Disclaimer: Actual course contents may differ slightly depending on student interest. Reach out to the instructor as soon as possible if there is a particular interest in a topic.

Tentative Schedule

Week Monday Thursday Sunday
1 3 Jan
LEC 1: Introduction.
6 Jan
LEC 2: What is scalability? Task DAGs.
Ch.5 of Introduction to Parallel Computing
2 10 Jan
LEC 3: Fault-tolerant embarrasingly parallel programs.
13 Jan
LEC 4: Work pool model. Introduce Lab 1.
Celery Optional: Celery at Instagram
3 17 Jan
LEC 5: Struggles with Distributed shared memory.
DSM survey.
20 Jan
LEC 6: Resilient Distributed Datasets.
23 Jan
Lab 1 DUE
4 24 Jan
LEC 7: Streaming computation as mini-batches.
Spark streaming.
27 Jan
LEC 8: Real-time stateful streaming (Flink). Introduce Lab 2.
Lightweight Asynchronous Snapshots. Redis streams.
5 31 Jan
LEC 9: Large-scale ML.
3 Feb
LEC 10: Google file system.
6 Feb
Lab 2 DUE
6 7 Feb
LEC 11: Revisit cycles in real-time stateful streaming. Introduce projects.
Lightweight Asynchronous Snapshots
10 Feb
LEC 12: Amazon Dynamo: Decentralization.
Dynamo, Gossip protocol in cassandra
7 14 Feb
17 Feb
20 Feb
Project proposal DUE
8 21 Feb
LEC 13: Amazon Dynamo: Eventual consistency. Introduce Lab 3.
Dynamo, CRDT
24 Feb
LEC 14: Replicated state machines, leader election in Raft.
9 28 Feb
Semester break
3 Mar
LEC 15: Other safety properties in Raft. Linearizability.
6 Mar
Lab 3 DUE
10 7 Mar
LEC 16: Improve read throughput, give up on linearizability of reads. Zookeeper
10 Mar
LEC 17: Distributed transactions. Serializability, 2-phase commit.
11 14 Mar
LEC 18: OS background for virtualization. OS book
17 Mar
LEC 19: Popek-Goldberg theorem. CPU/memory Paravirtualization in Xen.
12 21 Mar
Instructor affected by viral. Makeup class on Apr 2.
24 Mar
LEC 20: I/O virtualization. Parts of VMWare paper
27 Mar
Project DUE
13 28 Mar
Project presentations
Self-study: Containers: Lec 11
31 Mar
Project presentations
Self-study: Containers: Lec 11
2 Apr
LEC 21: Hardware assisted virtualization. KVM Nested paging
Encouraging student comments after the course
I found this course to be very thought provoking and knowledgeable. I feel it has given me a wide variety of knowledge in the systems domain. All the topics covered in class were presented in a very connected manner which really helped grasp the bigger picture and also with the retention of knowledge. Overall, I quite liked the course and contents covered here.

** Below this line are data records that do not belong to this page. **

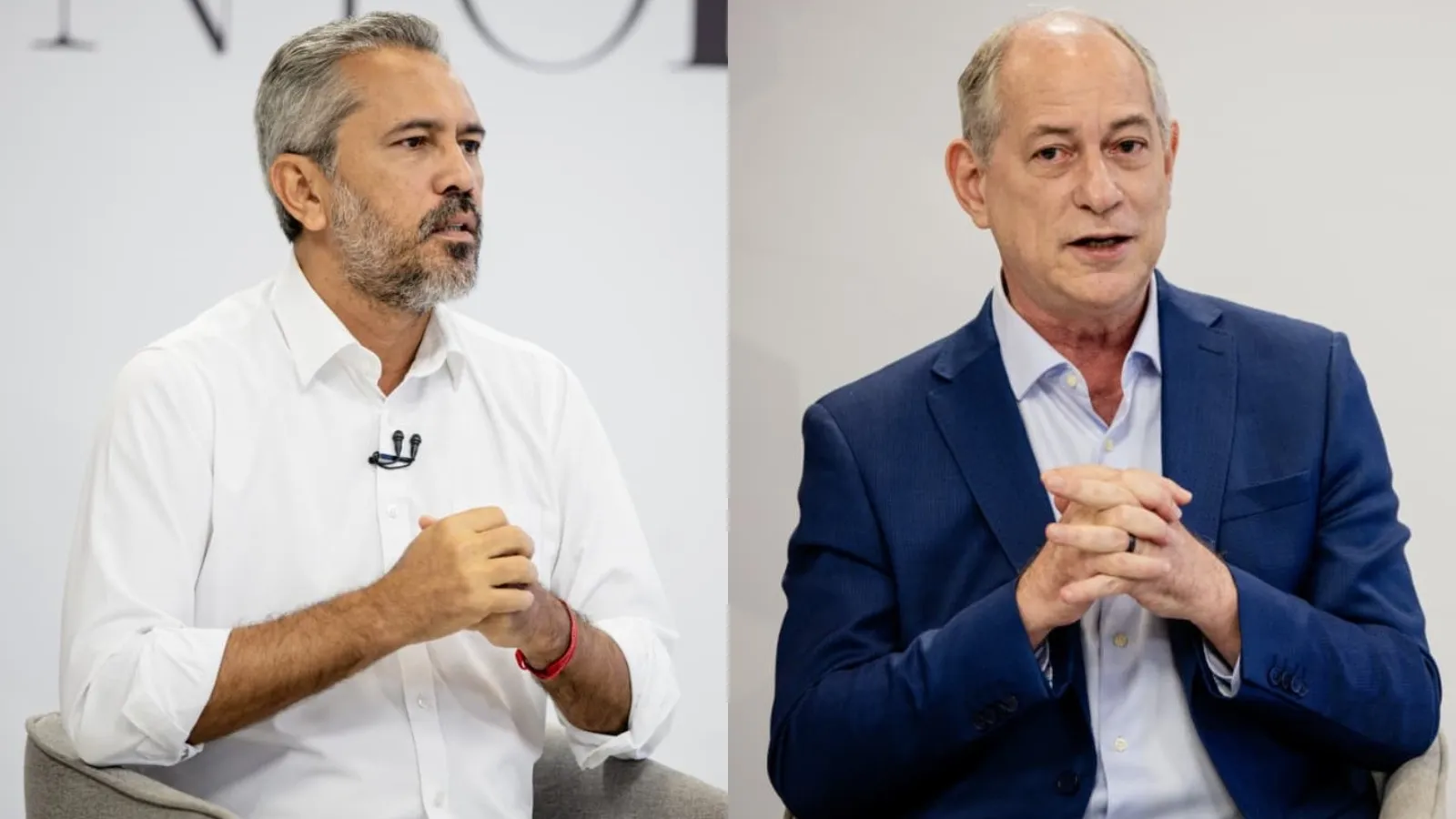 Datafolha no Ceará: Elmano tem 50% e Ciro Gomes 47%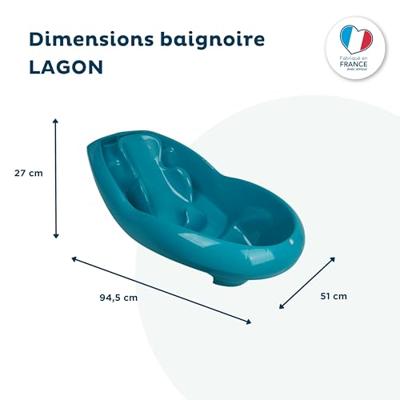 Badkuip ThermoBaby Lagoon tub Baby Smaragdgroen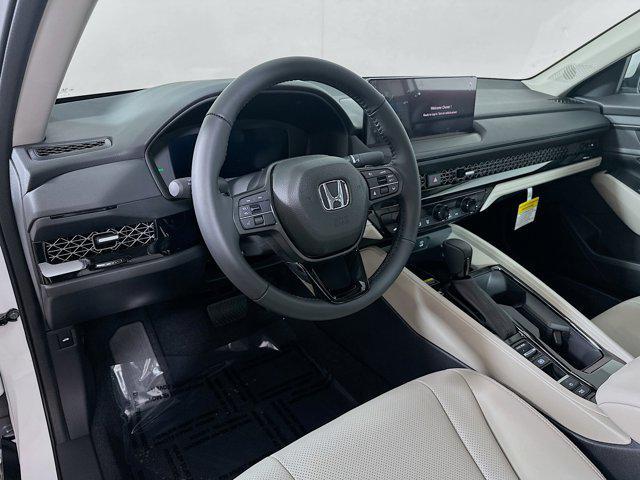 new 2025 Honda Accord Hybrid car, priced at $36,545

Thanks for organising such a great course where we learn many new concepts which are never taught anywhere we just see the implementations of these concepts in real world. I had never seen such transparency in rubrics, grading in any course. I enjoyed and learned at the same time in entire duration of course.

It was a very good course. Had a lot of fun learning about distributed systems.